Forum Scrape Runs Short

I'm trying to scrape through a forum for a research project and I seem to be able to capture a small amount of 'topics' and their 'replies' whilst paginating through the list of topics based on a search. I'm saving to the legacy CouchDB on this (in case thats the things thats ruining this)

Essentially, it appears to paginate through and open topics, but it just stops suddenly and I'm not getting anywhere near the amount of posts/replies etc I was expecting. This may be something to do with parents/child selectors maybe? any help appreciated, cheers guys.
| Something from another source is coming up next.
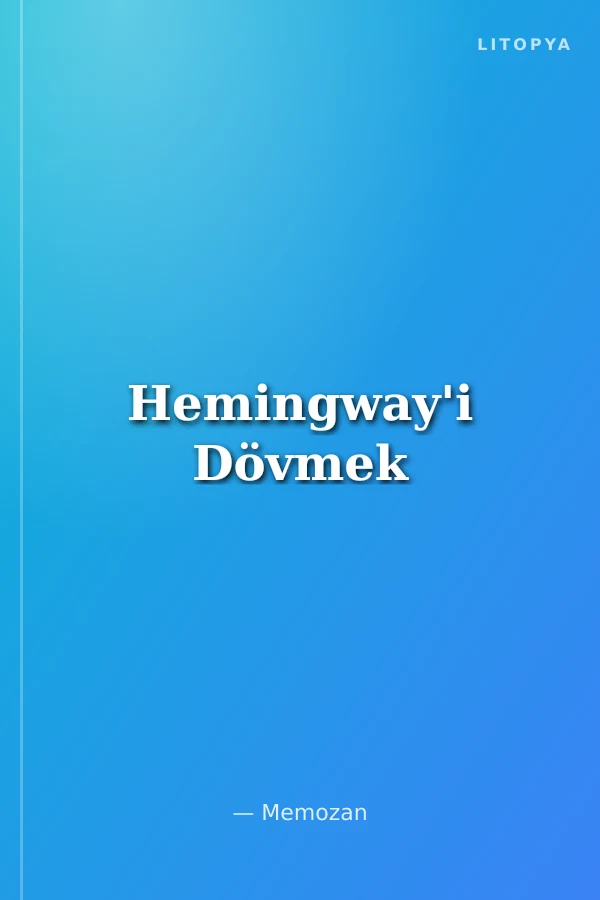 Hemingway'i Dövmek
Url: Search results for 'School' - Family Lives forum

Sitemap:
{"_id":"familylives","startUrl":["https://familylives.forumcommunity.co.uk/search?keywords=School&action=doSearch&search=true&searchin=Topics&unfiltered_forums=&member=&threadid=&do="],"selectors":[{"delay":0,"id":"TopicSelectorLink","multiple":true,"parentSelectors":["_root"],"selector":".post-body .post-body-author a","type":"SelectorLink"},{"id":"paginationTopic","paginationType":"auto","parentSelectors":["_root","TopicSelectorLink","paginationTopic"],"selector":"a.pagination-next-page","type":"SelectorPagination"},{"delay":0,"id":"TopicTitle","multiple":false,"parentSelectors":["paginationTopic"],"regex":"","selector":"span.editable","type":"SelectorText"},{"delay":0,"id":"topicRepliesText","multiple":true,"parentSelectors":["TopicSelectorLink","paginationTopic"],"regex":"","selector":"span#post_message_1322612102, span .post-body-content > span","type":"SelectorText"}]}

Hi @kmccart.

It seems like the issue lies in the sitemap selector setup. By the order, the pagination selector should always be first and the reply text seems to be functional only for one of the pages.

Updated sitemap example:

{"_id":"familylives","startUrl":["https://familylives.forumcommunity.co.uk/search?keywords=School&action=doSearch&search=true&searchin=Topics&unfiltered_forums=&member=&threadid=&do="],"selectors":[{"id":"pagination","paginationType":"auto","parentSelectors":["_root","pagination"],"selector":"a.pagination-next-page","type":"SelectorPagination"},{"delay":0,"id":"TopicTitle","multiple":false,"parentSelectors":["reply-page"],"regex":"","selector":"span.editable","type":"SelectorText"},{"delay":0,"id":"topicRepliesText","multiple":false,"parentSelectors":["first-post-wrapper","other-posts"],"regex":"","selector":"div.post-body-content","type":"SelectorText"},{"delay":0,"id":"topic-link","multiple":true,"parentSelectors":["pagination"],"selector":".post-body .post-body-author a","type":"SelectorLink"},{"delay":0,"id":"first-post-wrapper","multiple":true,"parentSelectors":["reply-page"],"selector":".first-post ","type":"SelectorElement"},{"delay":0,"id":"other-posts","multiple":true,"parentSelectors":["reply-page"],"selector":"#main_posts_container div.unSelectableRow","type":"SelectorElement"},{"delay":0,"id":"reply-page","multiple":true,"parentSelectors":["topic-link"],"selector":"body:has(span.category-of-topic )","type":"SelectorElement"}]}

Hi @ViestursWS,

Many many thanks for taking a look for me, its much appreciated. I have set this away and all seems to working well. I will take a closer look at your structure to figure out where I went wrong initially. Thanks for the tip regarding pagination is always first.